10点(2003-09-29 01:45:58)
165.  ターミネーター
最新作「新起動」を観る前に、オリジナルを“おさらい”しておかなければ!と思いたち、相当久しぶりに1984年の第一作を鑑賞。  改めて観返してみると、記憶に無いシーンが随分と多かった。続編である「T2」は散々繰り返し観たものだが、よくよく考えてみればこの第一作目は、子供の頃に観たきりだったかもしれない。 そして、忘却してしまっているというよりも、民放のテレビ放映版を観たことしかなかったため、大部分がカットされていた可能性が高いようだ。 そういうこともあり、僕自身が3歳の頃の映画を殊更フレッシュに楽しむことができた。  エンターテイメント性の高い「T2」に比べて、この第一作目が“疎遠”になっていた理由は明らかだ。 それは、少年時代にこの映画を初めて観た時の“恐怖心”に対してのトラウマが確実に残っていたからだと思う。 今、大人になって観返してみても、ラストの恐怖感と緊迫感は物凄い。それこそ、30年前の映画であることを忘れさせるくらいにフレッシュで、ただただ面白い。  “無名のボディービルダー”を感情を持たない殺人マシーンに配し、その肉体を剥ぎ取られてもなお執拗に追わせることにより、類まれな「恐怖」という娯楽性を生み出したこの映画の「発明」は、あらゆる意味で映画的価値に溢れている。  ただ逃げ惑うだけのウェイトレスだったヒロインが、クライマックスでは自らを助けにきた未来の戦士に対して「立ちなさい!」と叱咤する。 それはまさに、ヒロインが自らの運命を受け入れ、“未来”に向けて覚醒した瞬間だった。
[CS・衛星(字幕)] 10点(2003-09-29 01:38:57)
166.  アウトブレイク
新型インフルエンザが流行し、新しい言葉に弱い日本人は「パンデミック」という言葉に踊らされ、少々過剰な反応を連日していると思う。 「パンデミック」の真の恐怖とはこういうことだということを、再確認するべく、何年ぶりかに「アウトブレイク」を観た。  ドイツが生んだエンターテイメント映画監督の名匠ウォルフガング・ペーターゼンによる今作は、“死のウィルス”の感染拡大によるパニックを恐怖と娯楽性たっぷりに描き出した優れた映画だ。 1995年の映画だが、そのストーリー展開は決して当時の一過性のテーマではなく、今まさに現実に起こり得る「恐怖」を巧みに描き出していると思う。  現実的な恐怖を浮き彫りにするストーリー性もさることながら、あくまでエンターテイメント映画としての要素をそつなく盛り込んでいることに、この監督の作家性を感じる。 主演のダスティン・ホフマンがまだまだ元気で、彼の演じる軍の医官の有り余る行動力がヒーロー的過ぎたり、解決の顛末があまりにご都合主義だともとれるかもしれない。 がしかし、そういうものこそが、娯楽映画の「王道」であり、決して否定すべきことではない。  主人公がワクチンを作成し、ウィルスに感染した元妻(レネ・ルッソ)を死の直前で救うことでラストを迎える。

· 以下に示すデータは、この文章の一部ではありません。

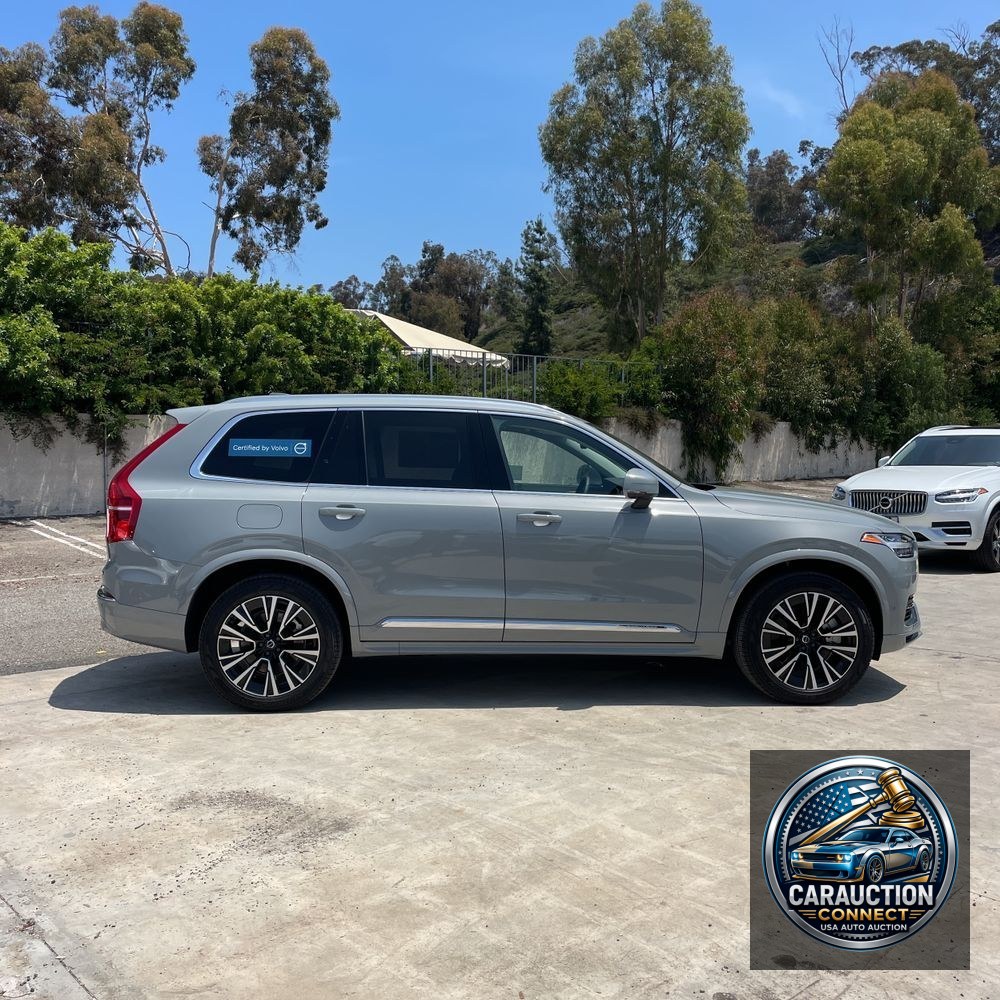2024 Volvo XC90 T8 - Plus PHEV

快復した元妻に復縁を望む主人公に対し、元妻は笑顔でこう応える。  「免疫もできたしね」  上手い。  名優ダスティン・ホフマンを筆頭に、モーガン・フリーマン、ケビン・スペイシー、ドナルド・サザーランド、キューバ・グッティング・Jr.らが脇を固め、とても深い面白味がある映画だと思う。

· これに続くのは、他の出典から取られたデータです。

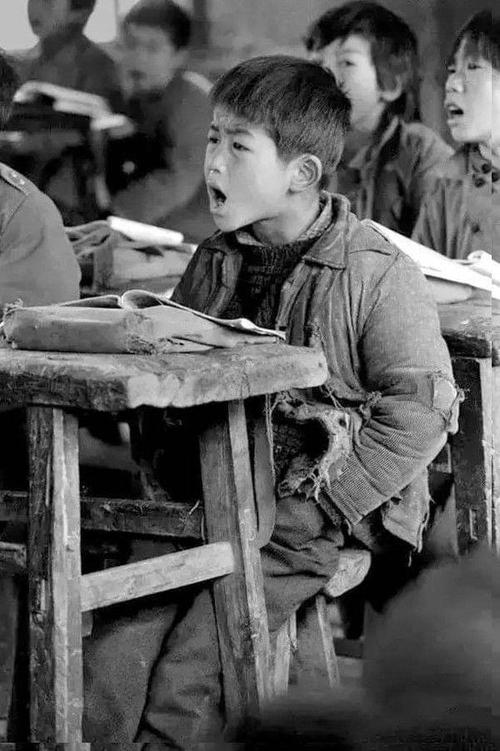 他用照片替农村孩子争取受教育的权利,用自己的照片去改变贫困孩子的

[映画館(字幕)] 10点(2003-09-28 17:54:12)(良:1票)
167.  ジュラシック・パーク
最新作「ジュラシック・ワールド/新たなる支配者」の劇場鑑賞前に、シリーズ全作を見返してみようと思いたち、1993年の第一作を久しぶりに鑑賞。 劇場での初鑑賞から二十数年あまり、幾度も見返していると思うが、映画史に残る娯楽超大作のエンターテイメントは決して色褪せない。 巨大な恐竜たちを造形するCG技術は、当然ながら最新技術のそれと比べると見劣りはするけれど、映像としての見せ方、映画としての表現方法の巧さは、むしろこの時点で完成されていて、見劣るものではない。 スティーヴン・スピルバーグが映画の神様として、今なお数十年以上に渡って映画界の頂点に君臨し続ける理由が凝縮されている。  本作を彩る魅力は映像技術、演出、キャスト様々だと思うが、今回改めて鑑賞して特に感じたのは、子役二人の多彩な表現力だ。 多感で活発な姉弟を演じたアリアナ・リチャーズとジョセフ・マッゼロが、本作のアドベンチャー性の根幹を担っていると言っても過言ではないだろう。 夏休みのレジャー感覚でパークに訪れた二人が、突如恐怖とパニックのるつぼに放り込まれ、泣き、叫び、決死の冒険の果てに、勇気を身につける。そのジュブナイル描写もスピルバーグ監督の十八番であり、ホラーとアドベンチャーのバランス感覚が絶妙である。 そんな中で、泥と血に塗れながら、主人公のグラント博士(サム・ニール)と共にサバイバルを生き抜く姉弟を体現したこの二人の子役の存在感は何にも代えがたい価値を放っていた。  勿論、サム・ニールをはじめ実力者揃いのキャストの布陣にも隙はなく、当時まで黎明期だったCGによる映画製作の中であっても、安定感がありかつ魅力的な演技をそれぞれが見せてくれている。(ブレイク直前のサミュエル・L・ジャクソンの存在も見逃せない)  そんなオリジナルキャストも揃うらしい最新作。そりゃあ楽しみだ。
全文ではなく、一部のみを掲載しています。